まさかのここで、合コンのお誘い!?斎藤さん断ってくれるよね、とそちらから眼を離せずにいると、不意に私の右後ろのドアが乱暴に開き、ズカズカと大きな足音を立てて私の前に、もう一つの影が差す。何事かと見上げると影は大層ご立腹な様子で、普段から眉間に刻まれている皺がいつもより深い。すかさず怒声が降ってくる。

「おい、名字、こりゃ、いったいどういう事だ」

「はい?」

段ボール箱に入った山のような茶封筒が机にドンと置かれた。それはお得意様宛ての一斉郵便物で、私が作成したものだ。料金別納で今日付けで送られている筈の大量の茶封筒をキョトンとして見ていると、土方課長の怒号は続く。

「宛名に敬称が抜けてんだよ、お前は小学生か?抜けてんのはその頭の中身だけにしろ。今日中に直せ、解ったか!」

一息に怒鳴って、入って来たときと同じように怒りの足音を立てながら、土方課長は出て行った。
我に返って茶封筒を確認すると、どれもこれもお客様の名前に『様』が着いてない。ああ、私としたことが、パソコンで作業中に敬称選択のところで『様』にチェックを入れ忘れたんだ。元のデータはもちろん残って居るけれど、新しく作成し直すか敬称だけシールを作って貼るか、どちらにしてもこれを全部直すにはかなり時間がかかるだろう。何しろ500通はあるのだ。
この粗忽さは誰を恨むことも出来ない。私は力なく椅子に腰を落とす。

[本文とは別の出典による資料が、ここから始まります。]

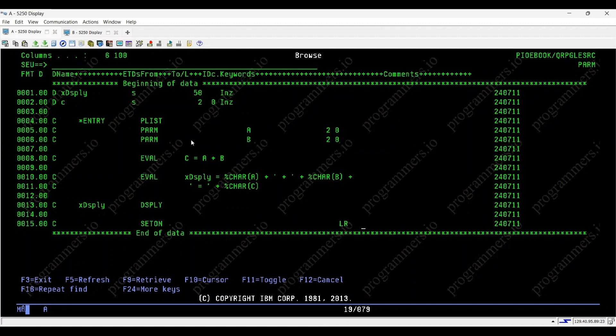I hope you found this video helpful in understanding how to use the PRM opcode in your own IBM IRPG programs. If you have any questions or comments, feel free to leave them below.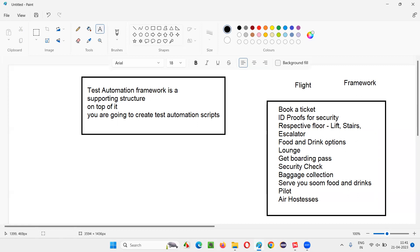Without this framework, if you still had to travel by flight, there would be a lot of problems. Security problems would arise — anyone could enter the flight, and someone could carry harmful items on board, which is dangerous for everyone. Without the framework, traveling via flight is possible but not secure, not efficient, and very time-consuming. You might miss the flight, and things would be hectic, confusing, and non-secure.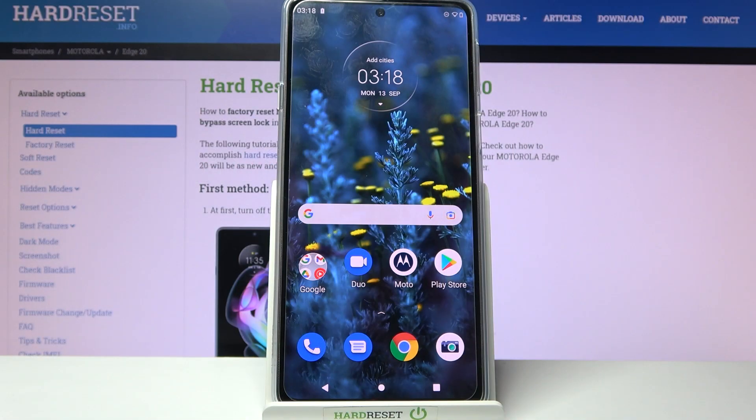Hi, in front of me is Motorola H20 and today I would like to show you how you can change font style on this device.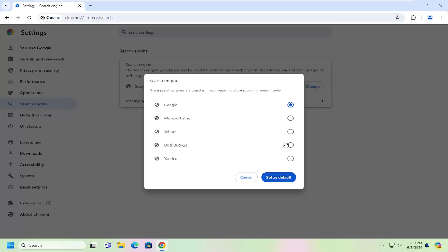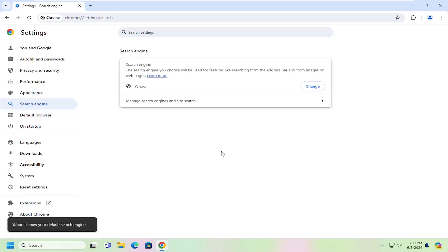And then you can select Yahoo here. And once you've done that, select Set as Default. You will need to close and relaunch your web browser for the change to take effect.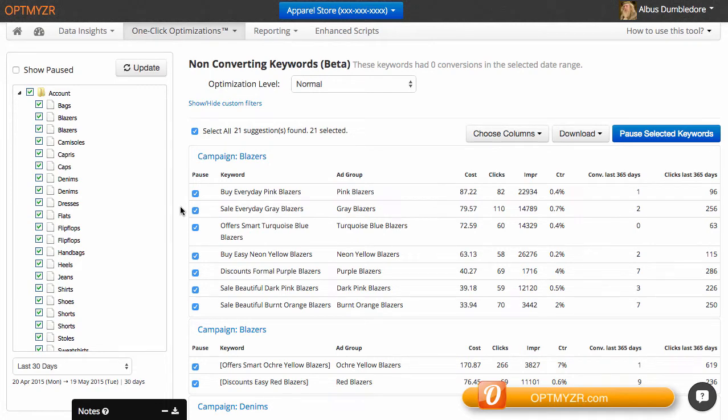This is our one-click optimization for finding non-converting keywords. These are keywords you can remove from your account to save some cost for things that are not giving you conversions.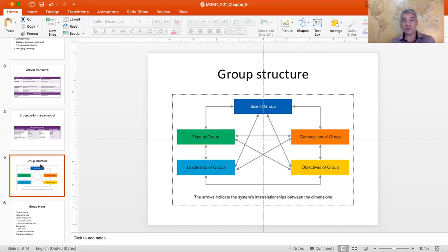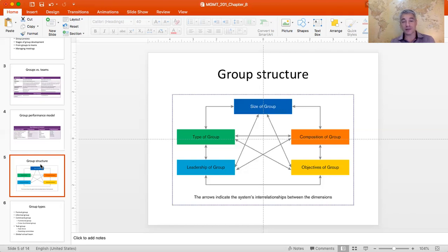When it comes to functional background, you typically want a cross-functional group. In manufacturing, for example, you want someone who knows manufacturing, someone in engineering, and absolutely someone with a marketing background. Engineers tend to search for elegant, technically complex solutions without much interest in meeting customer needs, while marketing people want to make customers happy without understanding how technologically infeasible their ideas might be. So you want those multiple perspectives represented.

デートは中止だ…。
目を上げて斎藤さんを見ると、彼もトラブルが起こった事を察したのか気遣わしげにこちらを見ているが、沖田さんは怯まずにしつこく斎藤さんを誘っている。

「だから、行かぬと言っている、」

「行かないなら、あのことバラすよ?」

「いい加減にしろ。それはあんたの誤解だ」

「じゃあ、誤解だって言う証明にね、合コン行こう?」

沖田さんはその細身のどこにそんな力があるのか、嫌がる斎藤さんを引き摺って出て行った。斎藤さんはこちらを振り返りながらも困惑顔で引き摺られていく。その唇が何かを言いたそうだけれど、何も言えるわけがない。
バレたら困る事って、いったい、なに?彼は私に何か隠しているの?
急にその考えに頭が占められそうになるけれど、取り敢えずの私の懸案事項は目の前の段ボールの中身だ。泣きたい気持ちになりながらもお直しを始める。
斎藤さん達が出ていったのを最後に、社内にはもう誰も残って居なかった。
とにかく早く終わらせよう、そして帰ったらビールでも呑もう。もう、いっぱい呑もう。
『様』シールだけを上から貼っても見栄えが良くないので、宛名シール自体を作り直した。ウィーンウィーンと音を立てるプリンタから次々と吐き出される宛名シールをぼぉっと眺める。作業自体は複雑ではないけれど、数があるのだから時間だけはかかるのだ。
壁の時計を見ればもう20時近く。プリンタのある場所と私の島の上だけ蛍光灯に照らされ他は照明を落としているので、私以外無人の広いオフィスはとても寂しく心細い場所に見える。一人ぼっちで残業なんて、これはいったいなんの罰なのよ!と叫びかけたが、自分のミスの罰だよね。
本当だったら今頃、斎藤さんと二人で初めてのデートをしてた筈、それにしてもいくらなんでも合コンに行ってしまうなんて、と今度はそっちに思考が行き悲しくなってくる。
いや、今はそれを考えている場合じゃない、と順不同に段ボールに突っ込まれた封筒の宛名を照合しながら貼っていく。
黙々とシールを張っていると、私の背後のドアが開いた。咄嗟に振り向いた私の目に映ったのは、肩で荒い呼吸をする斎藤さんの姿だった。